Where there’s Hope, there’s a good story


It’s always a pleasure when the latest installment in a good series arrives.

Reviewed by Linda C. Brinson

THE PRIME MINISTER’S SECRET AGENT. By Susan Elia MacNeal. Bantam Books. 301 pages. $15, paperback.

Susan Elia MacNeal’s Maggie Hope series has become one of my favorites. In Maggie, MacNeal has created an intelligent, sensitive, complex heroine who’s a convincingly real person. She’s spunky, but human. She has romantic interests, but real life – complicated by war – intervenes.

Maggie’s life story becomes a bit more complex with each book. At first, we thought she was a British orphan, reared in America by her college professor aunt. Gradually, we learn that her parents are alive – and in many ways more problem than blessing. And, surprisingly, she has a half sister in peril in Germany.
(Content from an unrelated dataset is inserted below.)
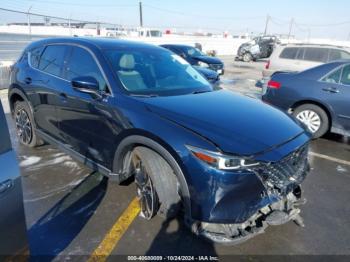  Salvage Mazda Cx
Maggie, a recent Wellesley mathematics graduate, came to England to sell her late grandmother’s house, and found herself in the midst of the action as England was thrust into World War II. She decided to stay and do her part, which soon turns out to involve spying for His Majesty’s government.

Like the previous three books in the series, The Prime Minister’s Secret Agent is a winning combination: a well-plotted mystery, a thriller with a proper share of danger, a romance, and a historical tale in which Winston Churchill and other real people march convincingly through the pages.

This time, Maggie, recovering from physical and emotional wounds suffered during her recent adventures in wartime Berlin, thinks she’s winning some peace and quiet by taking a teaching job at the remote camp in Scotland where she was trained to be a spy.

But when she visits an old friend in Glasgow, the sudden illness of three ballerinas – including her dear friend – plunges her right back into the thick of things. She finds herself working with MI-5 to uncover what might be terrible secrets.

Meanwhile, as 1941 draws to a bloody close, events in the Pacific are about to come to a head, and Churchill is planning a trip to Washington – a trip that he insists must involve Maggie Hope.

MacNeal tells Maggie’s story well, and in the process, she also tells the broader story of what it was like to be caught up in a terrible war – a war in which good people must figure out how far they can go to combat evil without becoming evil themselves.